The president of the American Federation of Teachers Indiana said the organization is keeping a close eye on the Indiana State Board of Education's treatment of its elected state superintendent, Glenda Ritz.
Rick Muir, who spoke at the state board's meeting Dec. 20, asked the board to work with the superintendent.
Ritz, the Democrat elected to the post last year, beat out former Republican Superintendent of Public Instruction Tony Bennett. Ritz launched a grassroots campaign, with the support of both large teachers unions, AFT and the Indiana State Teachers Association, to get rid of Bennett because of his education reform policies.
Muir told the board he travels the state, and the perception is that the board is trying to "stifle" Ritz.
"There has been an attempt to change the rules on the way meetings are conducted, change the authority of this office," he said. "I've had the pleasure of working with other state superintendents and this superintendent has the trust and respect of educators across the state, and she deserves to have the respect of this board."
Some school boards across the state have approved resolutions in support of Ritz, most recently the School City of East Chicago. In part, the resolution says, "To remove Glenda Ritz, Superintendent of Public Instruction, as the Chairperson of the Indiana State Board of Education, or any attempt to do so, would clearly and inappropriately insert political considerations into a governmental function that should solely be concerned with the education of the children and students in the State of Indiana."
Muir and many at the board meeting expected Friday's meeting to continue its controversial tone.
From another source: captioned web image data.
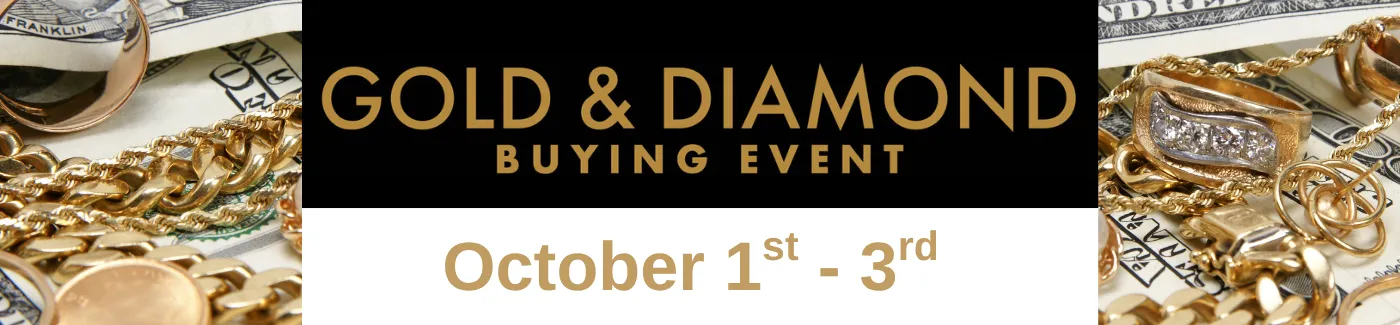 Gold jewelry and cash highlight Dickinson Jewelers' 3-day gold buying event from October 1st to 3rd.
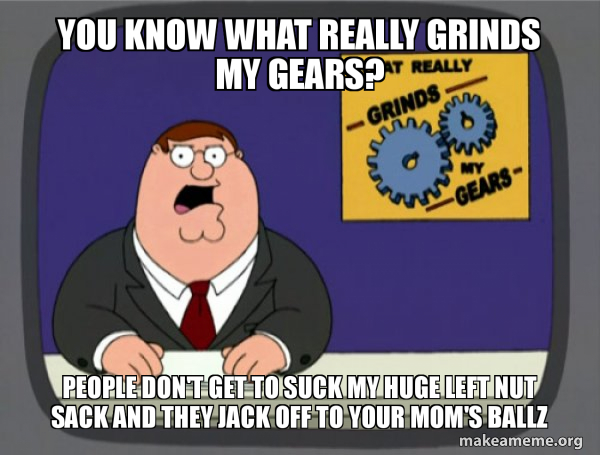 What Grinds My Gears (Family Guy) meme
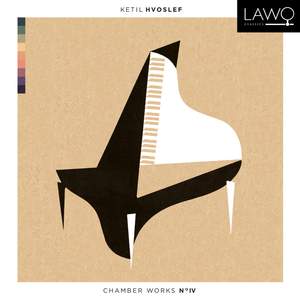 Hvoslef: Chamber Works No. IV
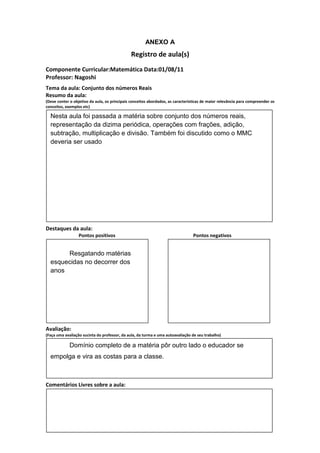 ANEXO A
                                               Registro de aula(s)
Componente Curricular:Matemática Data:01/08/11
Professor: Nagoshi
Tema da aula: Conjunto dos números Reais
Resumo da aula:
(Deve conter o objetivo da aula, os principais conceitos abordados, as características de maior relevância para compreender os
conceitos, exemplos etc)

  Nesta aula foi passada a matéria sobre conjunto dos números reais,
  representação da dizima periódica, operações com frações, adição,
  subtração, multiplicação e divisão. Também foi discutido como o MMC
  deveria ser usado




Destaques da aula:
                  Pontos positivos                                               Pontos negativos


       Resgatando matérias
  esquecidas no decorrer dos
  anos




Avaliação:
(Faça uma avaliação sucinta do professor, da aula, da turma e uma autoavaliação de seu trabalho)

             Domínio completo de a matéria pôr outro lado o educador se
  empolga e vira as costas para a classe.



Comentários Livres sobre a aula:
 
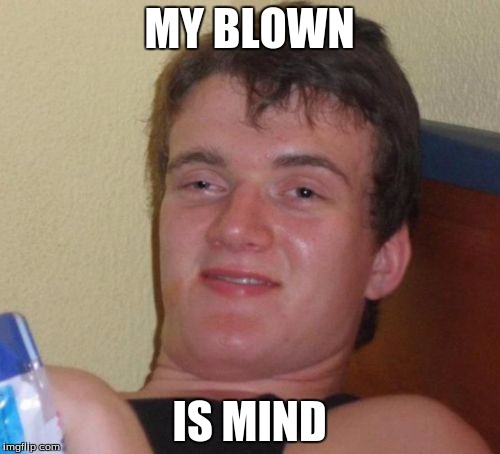 10 Guy Meme | MY BLOWN IS MIND | image tagged in memes,10 guy | made w/ Imgflip meme maker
The board was set to debate its meeting procedures, which has been the primary source of conflict between Ritz and board members who claim Ritz is not following the procedures she and Pence approved in May. Some board members also believe the rules should have been rewritten to give more authority to board staffers working for the Center for Education and Career Innovation, a new state agency Pence created in August.
Ritz has charged Pence established CECI as a shadow to her Department of Education, and the board is actively working with the governor to seize the administration of Indiana's schools from her.
However, the December meeting moved along smoothly. The board approved its meeting procedures, leaving Ritz as chairwoman, with little fanfare.